> [Aim of the task]: Transcribe, verbatim, every line from the start of the entries through the line that contains "Máy lọc nước"; include both boundary lines and omit all others.

> [Provided data]:
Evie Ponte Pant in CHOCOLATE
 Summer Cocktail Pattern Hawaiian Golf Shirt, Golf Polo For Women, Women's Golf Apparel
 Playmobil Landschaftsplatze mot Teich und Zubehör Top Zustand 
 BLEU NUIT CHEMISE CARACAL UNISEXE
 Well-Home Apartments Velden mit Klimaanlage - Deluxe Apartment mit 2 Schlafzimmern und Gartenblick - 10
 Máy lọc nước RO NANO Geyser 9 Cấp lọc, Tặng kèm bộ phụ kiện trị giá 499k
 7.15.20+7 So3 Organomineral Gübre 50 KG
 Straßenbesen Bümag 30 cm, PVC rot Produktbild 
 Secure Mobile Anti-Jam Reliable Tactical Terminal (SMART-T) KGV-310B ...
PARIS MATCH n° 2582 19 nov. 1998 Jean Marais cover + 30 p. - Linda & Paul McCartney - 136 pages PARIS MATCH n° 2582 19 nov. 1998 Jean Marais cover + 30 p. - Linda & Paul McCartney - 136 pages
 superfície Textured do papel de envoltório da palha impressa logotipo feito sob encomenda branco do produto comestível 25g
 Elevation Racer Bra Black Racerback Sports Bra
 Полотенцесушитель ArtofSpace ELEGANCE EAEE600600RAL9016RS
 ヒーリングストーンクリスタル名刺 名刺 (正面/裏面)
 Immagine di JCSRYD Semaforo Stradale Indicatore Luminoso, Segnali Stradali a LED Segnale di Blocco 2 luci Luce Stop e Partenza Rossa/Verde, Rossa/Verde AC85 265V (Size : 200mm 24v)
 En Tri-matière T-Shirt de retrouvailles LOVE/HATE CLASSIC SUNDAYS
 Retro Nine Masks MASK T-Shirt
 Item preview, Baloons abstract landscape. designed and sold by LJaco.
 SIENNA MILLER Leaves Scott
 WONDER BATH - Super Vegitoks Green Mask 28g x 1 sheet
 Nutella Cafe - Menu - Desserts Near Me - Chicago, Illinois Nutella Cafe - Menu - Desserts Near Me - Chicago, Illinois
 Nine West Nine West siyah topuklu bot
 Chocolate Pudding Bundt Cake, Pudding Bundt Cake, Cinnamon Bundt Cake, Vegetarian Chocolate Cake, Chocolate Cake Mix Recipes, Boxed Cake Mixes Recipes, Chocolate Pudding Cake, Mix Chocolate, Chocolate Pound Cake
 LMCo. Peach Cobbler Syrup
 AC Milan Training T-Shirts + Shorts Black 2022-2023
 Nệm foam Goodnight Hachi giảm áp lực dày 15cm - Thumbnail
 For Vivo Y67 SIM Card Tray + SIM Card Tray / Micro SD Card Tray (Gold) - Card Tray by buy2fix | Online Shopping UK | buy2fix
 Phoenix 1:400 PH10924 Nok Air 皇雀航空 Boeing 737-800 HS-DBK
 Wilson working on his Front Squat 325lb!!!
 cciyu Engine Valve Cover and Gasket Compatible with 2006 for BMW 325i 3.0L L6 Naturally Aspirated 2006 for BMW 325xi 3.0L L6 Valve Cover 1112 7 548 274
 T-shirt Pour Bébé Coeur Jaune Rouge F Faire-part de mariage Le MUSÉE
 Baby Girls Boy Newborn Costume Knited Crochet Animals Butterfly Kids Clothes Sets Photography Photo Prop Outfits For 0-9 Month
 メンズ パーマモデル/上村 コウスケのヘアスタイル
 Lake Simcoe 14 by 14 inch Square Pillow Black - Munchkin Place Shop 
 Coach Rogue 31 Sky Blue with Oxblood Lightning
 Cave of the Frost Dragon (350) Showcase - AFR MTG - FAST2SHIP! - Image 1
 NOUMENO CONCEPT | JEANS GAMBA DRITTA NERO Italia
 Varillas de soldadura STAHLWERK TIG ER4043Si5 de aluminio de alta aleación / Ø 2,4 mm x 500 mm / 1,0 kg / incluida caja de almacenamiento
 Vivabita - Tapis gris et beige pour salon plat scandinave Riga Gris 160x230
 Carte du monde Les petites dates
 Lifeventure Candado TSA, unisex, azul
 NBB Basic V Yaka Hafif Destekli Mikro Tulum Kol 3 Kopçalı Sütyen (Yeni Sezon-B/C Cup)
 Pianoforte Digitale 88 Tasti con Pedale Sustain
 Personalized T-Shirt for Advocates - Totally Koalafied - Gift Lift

> [Worked solution]:
Evie Ponte Pant in CHOCOLATE
 Summer Cocktail Pattern Hawaiian Golf Shirt, Golf Polo For Women, Women's Golf Apparel
 Playmobil Landschaftsplatze mot Teich und Zubehör Top Zustand 
 BLEU NUIT CHEMISE CARACAL UNISEXE
 Well-Home Apartments Velden mit Klimaanlage - Deluxe Apartment mit 2 Schlafzimmern und Gartenblick - 10
 Máy lọc nước RO NANO Geyser 9 Cấp lọc, Tặng kèm bộ phụ kiện trị giá 499k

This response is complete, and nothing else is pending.